Alison K. Smith https://doi.org/10.11647/OBP.0173.0074
My chapter in Information and Empire is something that I never really expected to write. It came about because of a simple question from Katia Bowers about what I might have to contribute to the conference where the volume began. Did I have anything about newspapers or periodicals? she asked.
It’s funny how things happen. I was in the process of going through the copy editing for my book on social estate, and if I’d been prompted just to suggest something for a conference on information technology, I would perhaps have come up with something about the very many registers of townspeople and merchants or manumission forms that were produced during the tsarist era. But then again, I might not, since I rather felt like I’d written everything I could on those, between a recent conference paper and, well, the book (I still cherish hearing a colleague call my description of such documents “archival pornography”).
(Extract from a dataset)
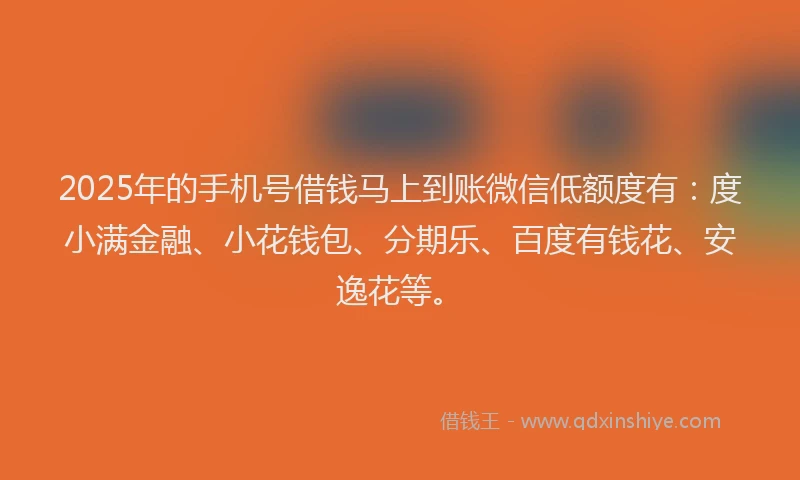 2025年的手机号借钱马上到账微信低额度有：度小满金融、小花钱包、分期乐、百度有钱花、安逸花等。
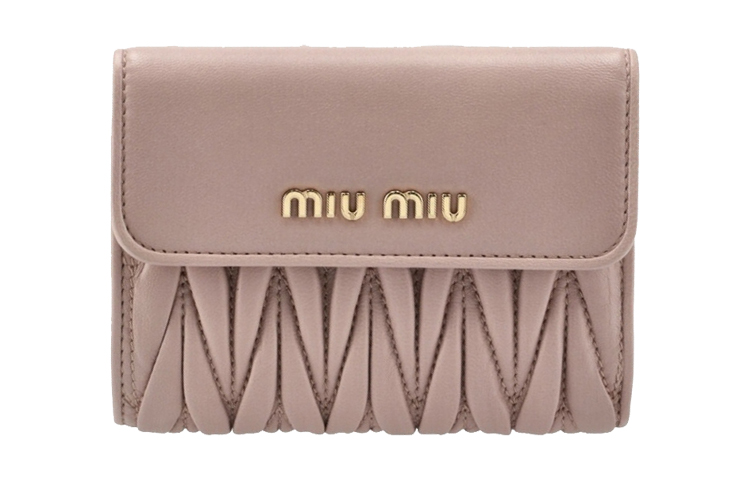 MIU MIU Lambskin Wallet Women's Pink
The prompt to think about newspapers, though, dredged up something else from my memory. When I was first working on my PhD dissertation I spent quite a bit of time reading through many years of gubernskie vedomosti, the provincial newspapers that appeared through much of the Russian Empire in the late 1830s and 1840s. I was looking for materials on agriculture and food, but I also couldn’t help but notice that the newspapers contained frequent descriptions of “arrested vagrants” and “found dead bodies.” At the time I noticed these advertisements, showed a few of them to friends, but then just filed them away in my mind as a curiosity. Over the next many years I noticed them whenever I went back to those newspapers, always again to remember their existence, again think they were interesting, and again to file them away.
Katia’s question brought them back to me—and because I had just spent the last several years thinking above all about soslovie and belonging and paperwork, I suddenly felt like I understood these advertisements as something more than just a curiosity. I realized that they were part of a larger process of controlling (or trying to control) movement and of policing social status. And so I suggested this as a paper, it was accepted, and that’s what I initially wrote up and presented at the conference. It talked mostly about those notices, and gave a bit of background on the creation of the gubernskie vedomosti during the reign of Nicholas I.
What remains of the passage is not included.